For the word "Voorkant", report how many lines of the records below contain it, and nothing more.
++++ Material for the task ++++
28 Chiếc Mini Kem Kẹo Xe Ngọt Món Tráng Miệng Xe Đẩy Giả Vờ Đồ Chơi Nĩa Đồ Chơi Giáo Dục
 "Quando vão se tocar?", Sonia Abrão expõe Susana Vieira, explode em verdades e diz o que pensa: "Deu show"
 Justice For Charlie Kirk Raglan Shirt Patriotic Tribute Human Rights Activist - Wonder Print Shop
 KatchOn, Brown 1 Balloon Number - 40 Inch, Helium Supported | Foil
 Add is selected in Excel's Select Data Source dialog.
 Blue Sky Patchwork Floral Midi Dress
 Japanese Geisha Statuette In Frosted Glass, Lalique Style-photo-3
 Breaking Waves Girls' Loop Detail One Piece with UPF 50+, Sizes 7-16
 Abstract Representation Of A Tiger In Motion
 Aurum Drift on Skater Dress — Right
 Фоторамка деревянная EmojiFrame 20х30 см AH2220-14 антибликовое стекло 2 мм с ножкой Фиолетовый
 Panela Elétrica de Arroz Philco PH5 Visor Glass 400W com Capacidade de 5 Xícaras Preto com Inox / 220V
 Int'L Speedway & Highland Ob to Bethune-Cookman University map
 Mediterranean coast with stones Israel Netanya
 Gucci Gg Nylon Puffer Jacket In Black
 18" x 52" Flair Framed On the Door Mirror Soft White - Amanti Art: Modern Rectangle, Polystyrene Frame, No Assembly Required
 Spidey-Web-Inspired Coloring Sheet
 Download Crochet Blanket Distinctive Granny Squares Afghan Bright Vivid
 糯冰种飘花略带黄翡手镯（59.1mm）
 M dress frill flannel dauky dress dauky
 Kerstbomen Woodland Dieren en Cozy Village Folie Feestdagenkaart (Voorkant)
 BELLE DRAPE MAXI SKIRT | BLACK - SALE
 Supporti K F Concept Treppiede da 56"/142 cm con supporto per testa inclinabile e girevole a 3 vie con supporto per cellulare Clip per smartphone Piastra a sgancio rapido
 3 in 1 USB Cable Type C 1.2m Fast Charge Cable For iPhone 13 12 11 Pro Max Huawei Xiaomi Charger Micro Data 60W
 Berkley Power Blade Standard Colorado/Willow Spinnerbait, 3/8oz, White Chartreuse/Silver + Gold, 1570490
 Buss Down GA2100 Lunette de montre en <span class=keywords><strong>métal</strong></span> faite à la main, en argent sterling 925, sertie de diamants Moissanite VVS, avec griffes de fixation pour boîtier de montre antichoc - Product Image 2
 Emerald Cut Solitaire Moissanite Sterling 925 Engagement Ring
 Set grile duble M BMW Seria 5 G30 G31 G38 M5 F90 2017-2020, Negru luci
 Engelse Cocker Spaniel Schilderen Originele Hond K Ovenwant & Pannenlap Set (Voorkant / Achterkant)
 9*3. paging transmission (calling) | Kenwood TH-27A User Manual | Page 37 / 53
++++
**Task solution:** 2